OTTAWA (Reuters) - Quebec will make a statement on this year’s budget figures on Tuesday, and a report on Monday said the Canadian province’s deficit will be higher than the C$3.9 billion (C$3.7 billion) the government forecast in March.
“Tomorrow I’ll give you the numbers and make a statement on where we are in our economy,” Quebec Finance Minister Raymond Bachand told reporters on Monday, but he would not divulge any details.
‘Basically, the bottom line is Quebec finances are in control and Quebec’s economy is doing much better than its neighbors,” Bachand said following a speech at a conference hosted by Quebec’s securities regulator.
The French-language daily La Presse reported on Monday that Bachand will revise the government’s budget deficit forecast higher on Tuesday, but it did not give more details.
When asked by a reporter how much the deficit would be, Bachand said: “I will speak to that tomorrow.
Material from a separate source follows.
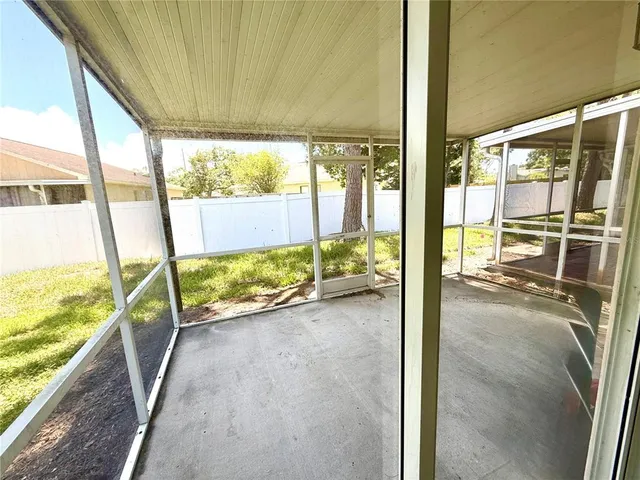 a view of an empty room and a large window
Nice try.”
The predominantly French-speaking province of 7.5 million has been hit by the economic crisis in the United States, its main export market. In late March, then-Finance Minister Monique Jerome-Forget said in her budget that Quebec would stay in the red until the 2013-14 fiscal year.
“(Quebec) is suffering because people are losing their jobs. But comparatively to Ontario, to Canada, to the United States, Quebec is suffering much less and (is) much more stable in this recession than the others around us,” Bachand said.
Ontario, Canada’s most populous province, said last week it would run a record budget deficit of C$24.7 billion in the 2009-10 fiscal year. The projection was 76 percent above the forecast the Ontario government made in its March budget.